*** DATA RECORDS Section Begins ***
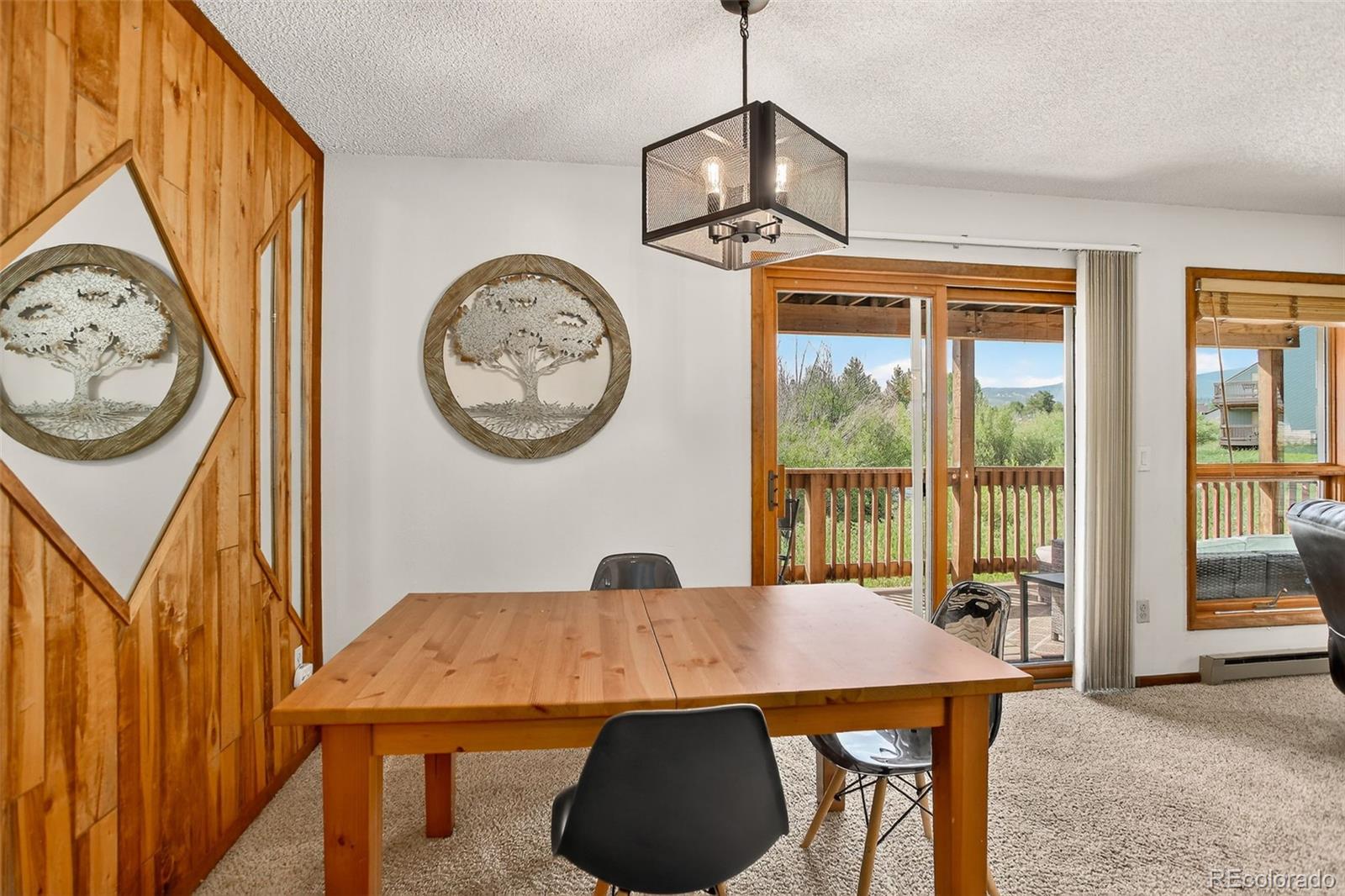 300 Sterling Way, Unit 2 Fraser, CO 80442 - Photo 11 of 28 a view of a dining room with furniture window and outside view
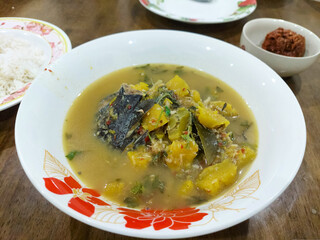 Yellow pumpkin curry in a bowl is a traditional dish of Thai cuisine.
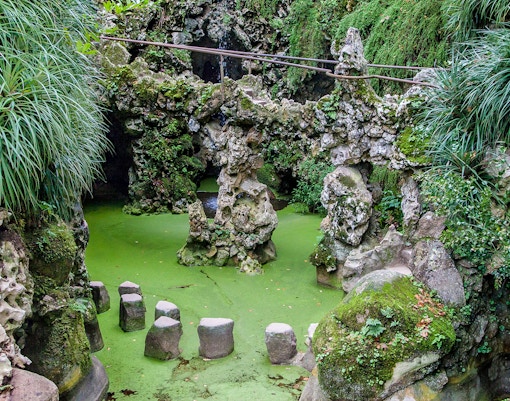 Waterfall cascading into a serene lake at Quinta da Regaleira, Sintra, Portugal.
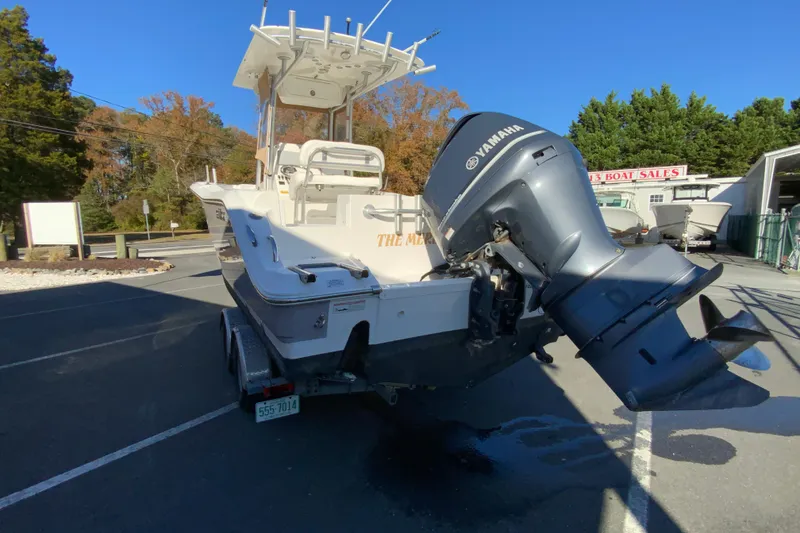 Slide: The Image of 2011 Sea Fox 256 Center Console boat with Yamaha outboard motor on trailer. - 8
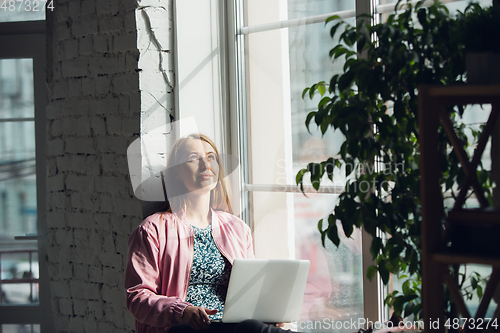Image of Young woman, businesswoman working or studying at home with laptop near window. Attented, concentrated. Copyspace.
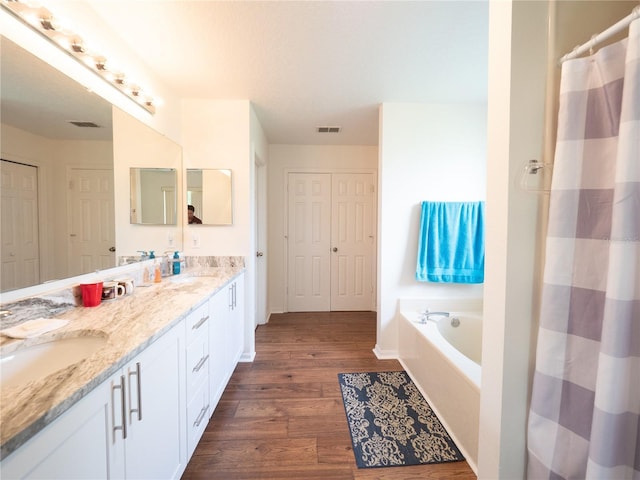 8330 Lainie Ln, Orlando, FL 32818 - full bath featuring double vanity, wood finished floors, a garden tub, and curtained shower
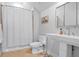 Bathroom with modern sink, white vanity, and a shower with a white shower curtain at 126 Balfour Dr, Charleston, SC 29492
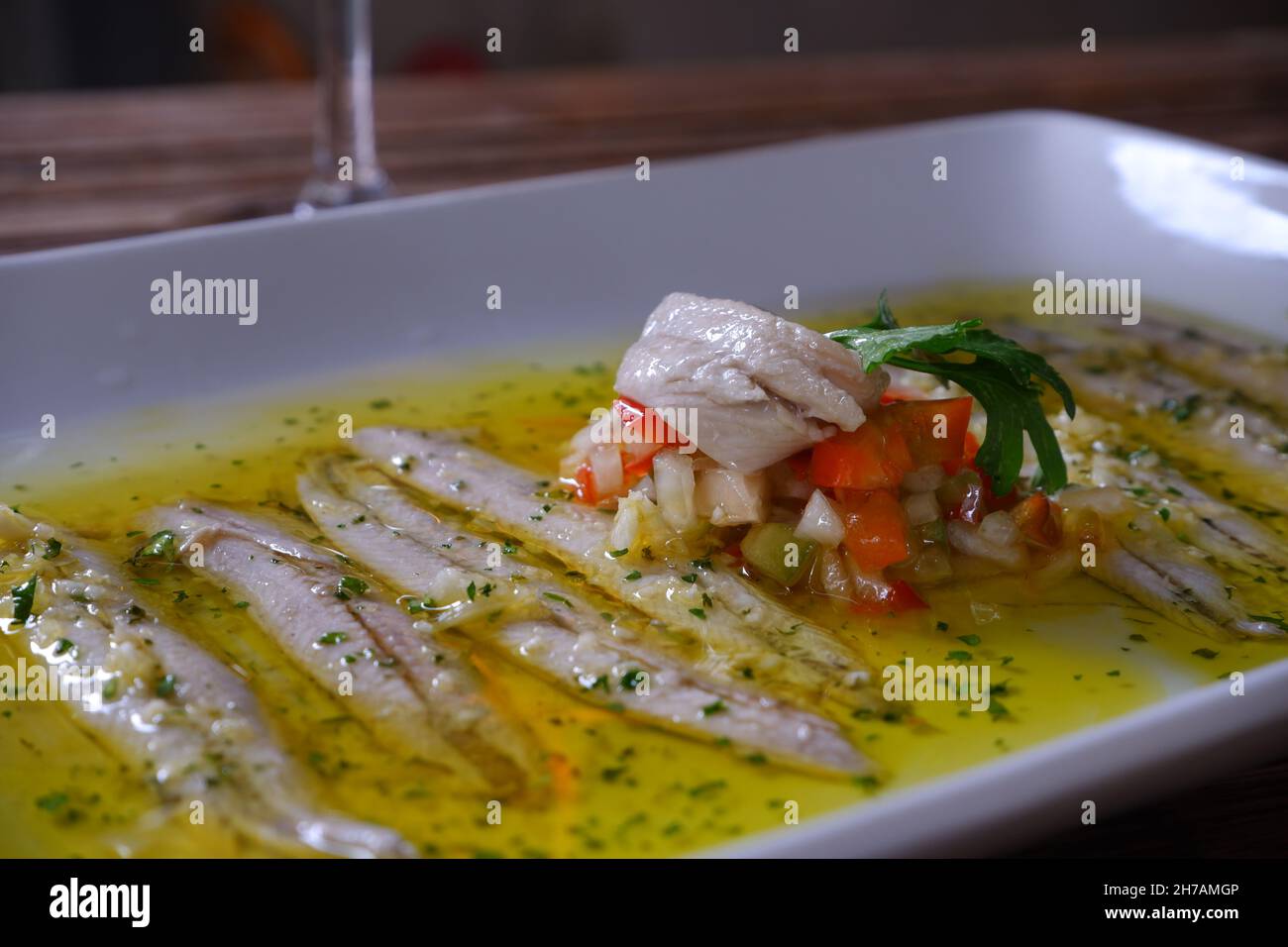 Anchovies with olive oil and pepper in a restaurant Stock Photo Alamy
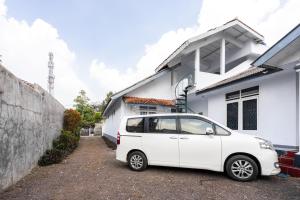 um carro branco estacionado em frente a uma casa branca em RedDoorz Syariah near RSUD Cimacan em Bogor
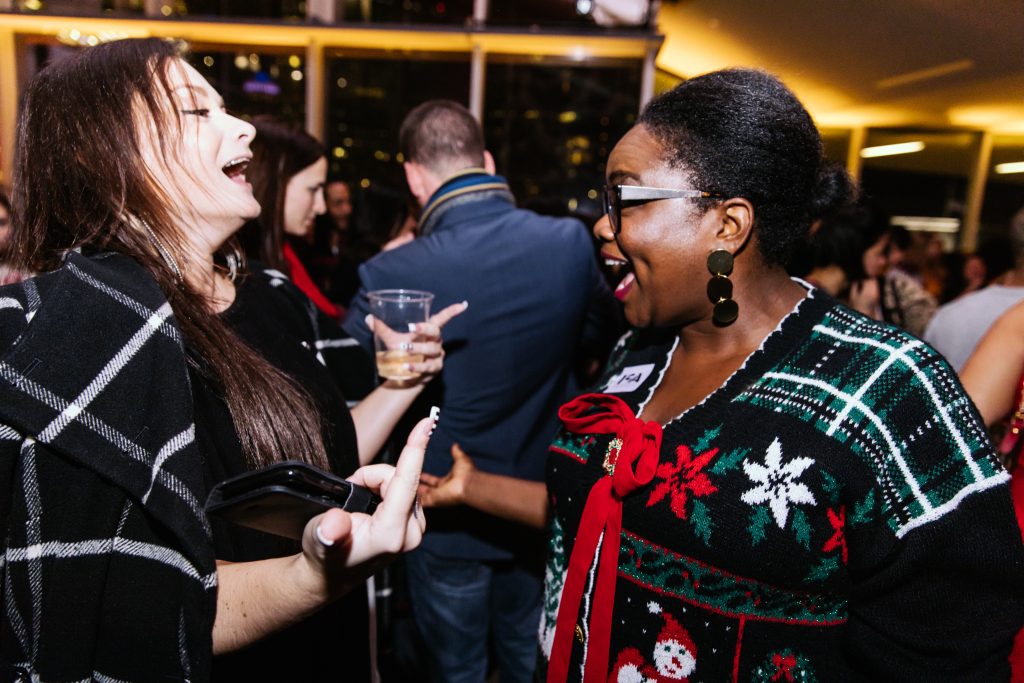 Two people in winter sweaters talking at an event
*** DATA RECORDS Section Ends ***
WHAT IS EXPECTED: From the listing above, print every entry precisely and drop the pictures.

COMPLETED EXERCISE:
 300 Sterling Way, Unit 2 Fraser, CO 80442 - Photo 11 of 28 a view of a dining room with furniture window and outside view
 Yellow pumpkin curry in a bowl is a traditional dish of Thai cuisine.
 Waterfall cascading into a serene lake at Quinta da Regaleira, Sintra, Portugal.
 Slide: The Image of 2011 Sea Fox 256 Center Console boat with Yamaha outboard motor on trailer. - 8
Image of Young woman, businesswoman working or studying at home with laptop near window. Attented, concentrated. Copyspace.
 8330 Lainie Ln, Orlando, FL 32818 - full bath featuring double vanity, wood finished floors, a garden tub, and curtained shower
 Bathroom with modern sink, white vanity, and a shower with a white shower curtain at 126 Balfour Dr, Charleston, SC 29492
 Anchovies with olive oil and pepper in a restaurant Stock Photo Alamy
 um carro branco estacionado em frente a uma casa branca em RedDoorz Syariah near RSUD Cimacan em Bogor
 Two people in winter sweaters talking at an event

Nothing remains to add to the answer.